Another issue that is receiving more and more attention is carrying out the decomposition (subband coding) not only on the lowpass side but on both sides. In other words, zooming into both low and high frequency bands of the signal separately. This can be visualized as having both sides of the tree structure of Figure 4.1. What result is what is known as the wavelet packages. We will not discuss wavelet packages in this here, since it is beyond the scope of this tutorial. Anyone who is interested in wavelet packages, or more information on DWT can find this information in any of the numerous texts available in the market.

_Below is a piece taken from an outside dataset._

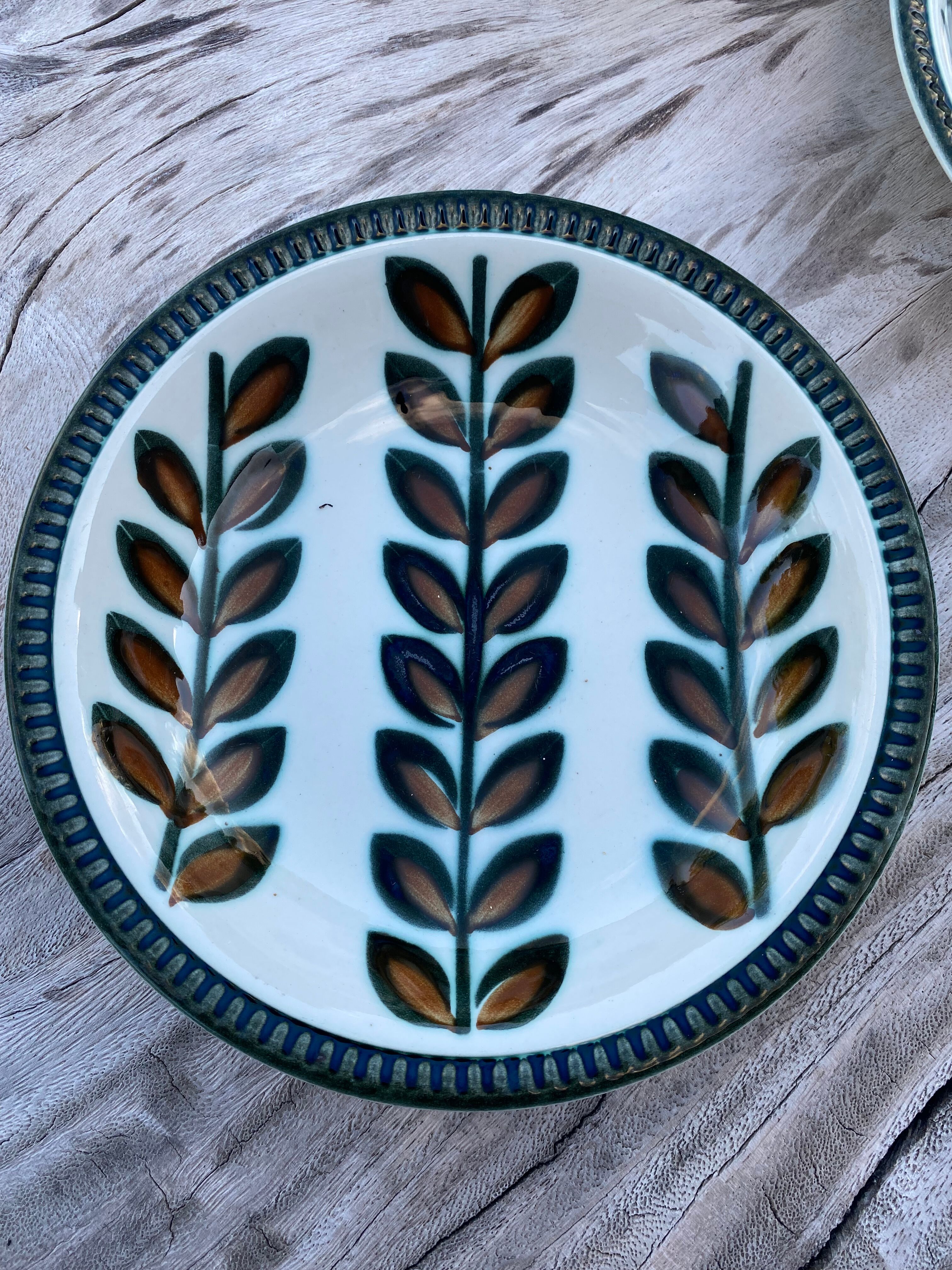 Hollow plates Boch model Rambouillet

And this concludes our mini series of wavelet tutorial. If I could be of any assistance to anyone struggling to understand the wavelets, I would consider the time and the effort that went into this tutorial well spent. I would like to remind that this tutorial is neither a complete nor a through coverage of the wavelet transforms. It is merely an overview of the concept of wavelets and it was intended to serve as a first reference for those who find the available texts on wavelets rather complicated. There might be many structural and/or technical mistakes, and I would appreciate if you could point those out to me. Your feedback is of utmost importance for the success of this tutorial.